Problem to solve: Repeat the lines below exactly as written, please, from the line with "what the cards" to the line with "lately, the three", both lines included, and no others.

Supplied entries:

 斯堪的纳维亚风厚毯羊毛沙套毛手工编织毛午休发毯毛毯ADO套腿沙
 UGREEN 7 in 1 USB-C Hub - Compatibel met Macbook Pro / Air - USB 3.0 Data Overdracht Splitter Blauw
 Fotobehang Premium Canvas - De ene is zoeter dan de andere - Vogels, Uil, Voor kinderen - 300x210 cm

...

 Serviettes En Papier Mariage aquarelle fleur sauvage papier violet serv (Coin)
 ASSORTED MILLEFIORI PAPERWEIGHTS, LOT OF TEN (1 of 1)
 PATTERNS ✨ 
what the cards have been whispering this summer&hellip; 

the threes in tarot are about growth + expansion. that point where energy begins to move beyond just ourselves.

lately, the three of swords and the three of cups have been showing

...

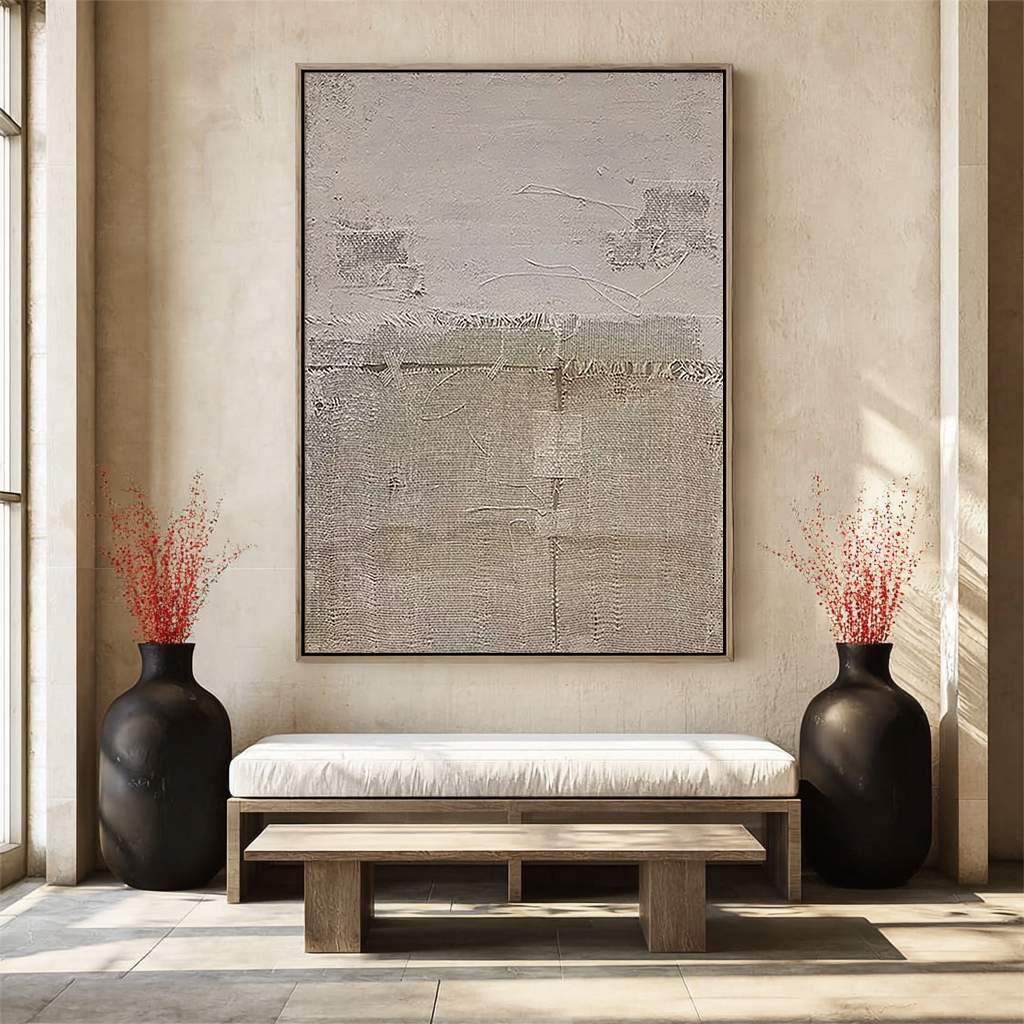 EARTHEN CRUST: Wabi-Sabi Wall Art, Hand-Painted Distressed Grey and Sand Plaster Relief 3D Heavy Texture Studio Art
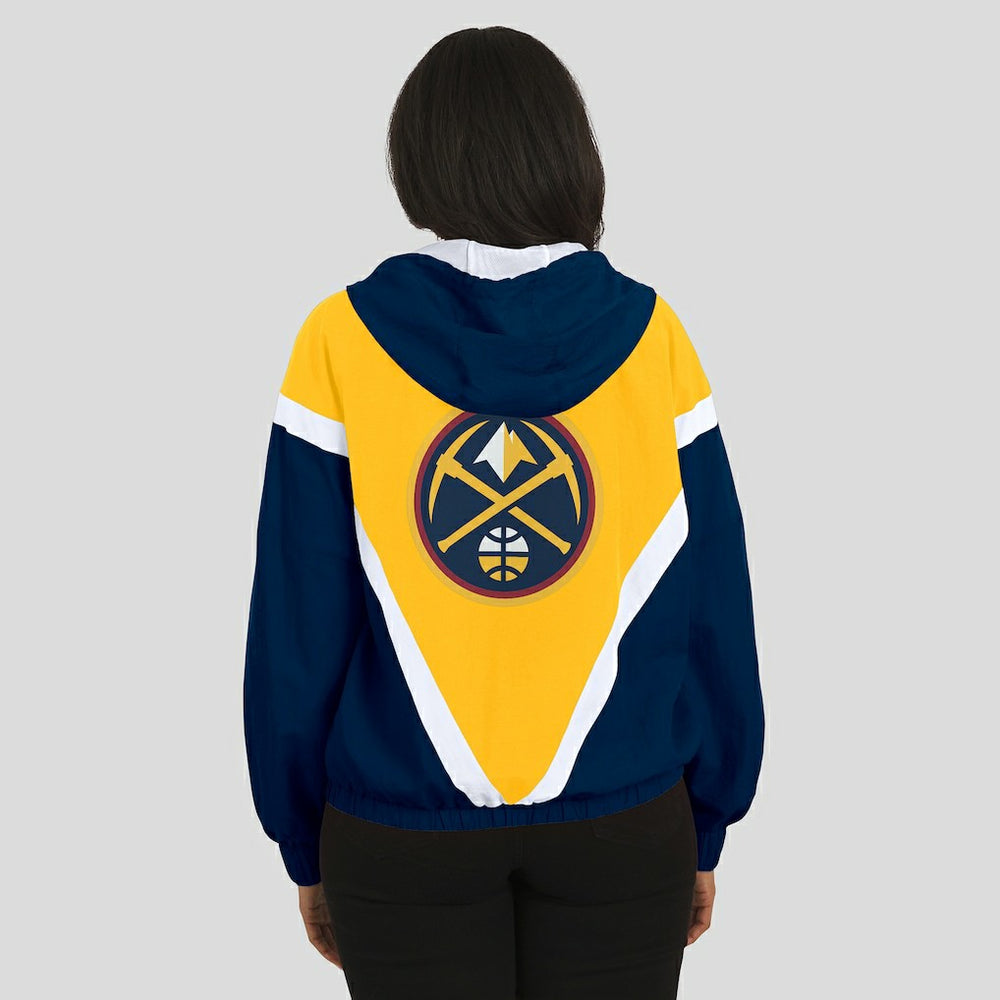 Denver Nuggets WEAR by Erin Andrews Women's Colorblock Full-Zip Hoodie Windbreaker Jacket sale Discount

Result of this exercise:
what the cards have been whispering this summer&hellip; 

the threes in tarot are about growth + expansion. that point where energy begins to move beyond just ourselves.

lately, the three of swords and the three of cups have been showing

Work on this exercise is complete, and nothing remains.